Rav Idi bar Abin Naggara (or Idi bar Abin, or Idi ben Abin, or Rav Idi b. Avin (I), or Ada bar Abin) was a Jewish Babylonian rabbi who lived around 350 CE (fourth generation of amoraim).

Biography
He was the son of R. Abin Naggara, who likely worked as a carpenter (Naggara = "the carpenter"), and who came from Nerash or Nerus (נרשאה) in Babylonia. It is said that Rav Huna once passed the door of R. Abin and, when seeing the house lit by Shabbat candles, remarked that "Two great men will issue hence", since it is stated that "He who habitually practises [the lighting of] the lamp will possess scholarly sons". Indeed, he then had two scholarly sons: Idi and Hiyya.

Idi married a woman of Kohen descent and thus ate the foreleg, the jaws, and the maw. His sons R. Shesheth and R. Shisha were ordained to teaching. 

Idi acquired his Torah knowledge from R. Amram and Rav Chisda. He also delivered papers in the name of R. Isaac b.

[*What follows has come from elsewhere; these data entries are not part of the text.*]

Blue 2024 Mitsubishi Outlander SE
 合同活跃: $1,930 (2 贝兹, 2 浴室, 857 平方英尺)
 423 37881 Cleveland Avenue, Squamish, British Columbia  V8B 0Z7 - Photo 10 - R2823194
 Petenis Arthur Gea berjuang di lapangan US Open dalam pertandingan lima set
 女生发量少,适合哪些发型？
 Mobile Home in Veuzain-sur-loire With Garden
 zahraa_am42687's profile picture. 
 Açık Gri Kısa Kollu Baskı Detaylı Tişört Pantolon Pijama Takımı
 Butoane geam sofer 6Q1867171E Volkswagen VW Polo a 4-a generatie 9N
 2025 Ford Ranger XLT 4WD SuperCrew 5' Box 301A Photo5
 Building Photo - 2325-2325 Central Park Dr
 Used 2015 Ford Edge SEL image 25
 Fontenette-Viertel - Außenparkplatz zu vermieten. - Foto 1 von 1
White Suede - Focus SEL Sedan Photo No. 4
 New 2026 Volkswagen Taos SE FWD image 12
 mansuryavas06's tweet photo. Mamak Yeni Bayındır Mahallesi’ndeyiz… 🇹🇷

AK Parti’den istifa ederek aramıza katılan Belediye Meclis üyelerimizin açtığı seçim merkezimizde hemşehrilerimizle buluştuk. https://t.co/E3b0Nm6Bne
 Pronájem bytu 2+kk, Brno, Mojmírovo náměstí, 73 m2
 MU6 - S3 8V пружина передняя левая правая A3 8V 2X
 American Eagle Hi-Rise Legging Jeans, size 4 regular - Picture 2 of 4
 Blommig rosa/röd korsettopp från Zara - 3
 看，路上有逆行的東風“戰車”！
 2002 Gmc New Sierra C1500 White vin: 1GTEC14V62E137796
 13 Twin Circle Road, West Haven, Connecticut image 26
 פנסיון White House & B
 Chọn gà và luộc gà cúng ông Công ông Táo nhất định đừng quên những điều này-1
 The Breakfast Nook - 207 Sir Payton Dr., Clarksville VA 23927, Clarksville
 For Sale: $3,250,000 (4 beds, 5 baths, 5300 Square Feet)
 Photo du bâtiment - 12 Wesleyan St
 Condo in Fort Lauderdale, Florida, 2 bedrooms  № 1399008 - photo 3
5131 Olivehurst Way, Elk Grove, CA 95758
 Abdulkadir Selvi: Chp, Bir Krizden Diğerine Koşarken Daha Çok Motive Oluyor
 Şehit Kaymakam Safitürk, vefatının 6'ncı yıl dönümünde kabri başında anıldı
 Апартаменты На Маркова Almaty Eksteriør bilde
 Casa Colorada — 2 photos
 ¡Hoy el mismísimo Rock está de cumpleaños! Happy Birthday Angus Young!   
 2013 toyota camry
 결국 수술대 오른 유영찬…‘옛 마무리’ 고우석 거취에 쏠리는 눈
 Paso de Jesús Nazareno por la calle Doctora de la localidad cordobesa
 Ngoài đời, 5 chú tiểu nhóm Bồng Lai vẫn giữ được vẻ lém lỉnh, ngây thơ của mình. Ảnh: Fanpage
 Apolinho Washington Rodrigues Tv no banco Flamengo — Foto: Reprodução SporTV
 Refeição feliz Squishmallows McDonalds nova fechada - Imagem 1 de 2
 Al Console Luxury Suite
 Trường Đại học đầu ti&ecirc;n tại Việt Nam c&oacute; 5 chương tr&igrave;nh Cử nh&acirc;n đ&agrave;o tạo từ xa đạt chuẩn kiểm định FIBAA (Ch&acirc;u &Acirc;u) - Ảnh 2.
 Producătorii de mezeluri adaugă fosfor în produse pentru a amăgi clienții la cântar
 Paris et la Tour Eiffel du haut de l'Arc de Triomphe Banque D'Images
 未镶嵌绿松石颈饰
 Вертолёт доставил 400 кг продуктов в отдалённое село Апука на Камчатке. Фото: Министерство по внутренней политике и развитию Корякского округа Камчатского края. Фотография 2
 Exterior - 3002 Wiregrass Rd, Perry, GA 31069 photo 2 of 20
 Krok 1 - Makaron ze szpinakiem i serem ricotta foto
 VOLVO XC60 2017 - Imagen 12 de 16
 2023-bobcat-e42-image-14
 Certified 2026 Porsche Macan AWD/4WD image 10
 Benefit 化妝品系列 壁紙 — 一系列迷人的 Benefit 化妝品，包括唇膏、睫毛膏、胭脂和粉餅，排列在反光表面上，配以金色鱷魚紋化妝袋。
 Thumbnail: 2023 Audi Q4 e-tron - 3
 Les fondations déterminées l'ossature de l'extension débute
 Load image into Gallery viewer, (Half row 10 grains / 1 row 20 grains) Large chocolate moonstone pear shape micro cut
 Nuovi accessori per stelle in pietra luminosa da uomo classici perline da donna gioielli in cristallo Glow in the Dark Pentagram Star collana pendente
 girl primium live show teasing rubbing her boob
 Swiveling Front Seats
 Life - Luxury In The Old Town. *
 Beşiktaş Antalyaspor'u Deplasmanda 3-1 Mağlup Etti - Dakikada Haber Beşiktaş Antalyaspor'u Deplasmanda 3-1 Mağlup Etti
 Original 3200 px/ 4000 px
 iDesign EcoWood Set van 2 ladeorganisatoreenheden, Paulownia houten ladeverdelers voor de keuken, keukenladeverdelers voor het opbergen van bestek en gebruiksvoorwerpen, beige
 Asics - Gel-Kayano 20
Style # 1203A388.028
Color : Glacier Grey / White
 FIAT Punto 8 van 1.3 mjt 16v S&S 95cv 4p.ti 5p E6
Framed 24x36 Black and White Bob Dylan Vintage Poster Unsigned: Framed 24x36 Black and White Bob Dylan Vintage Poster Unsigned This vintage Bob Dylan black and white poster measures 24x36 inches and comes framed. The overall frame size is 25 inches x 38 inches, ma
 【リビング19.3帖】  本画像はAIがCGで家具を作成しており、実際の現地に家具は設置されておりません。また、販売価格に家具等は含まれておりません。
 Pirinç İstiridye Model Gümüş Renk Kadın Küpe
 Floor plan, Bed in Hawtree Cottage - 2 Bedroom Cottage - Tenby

Ashian, most of them in the Aggadah, and most likely he was also his pupil. Idi gave an explanation in the presence of Rav Yosef, had discussions with Abaye on various occasions, and likewise gave explanations in the presence of Rabbah. He also had occasion to appear in the court of Rav Chisda. His pupils were Rav Papa and R. Huna b. Joshua, who were hosted at one of his sons' houses. Idi was considered the main authority in Nerash, where he introduced a certain law. Idi seems to have moved at a later period to Shekanzib, where he had occasion to receive Papa and Huna, whom he treated in a somewhat slighting manner.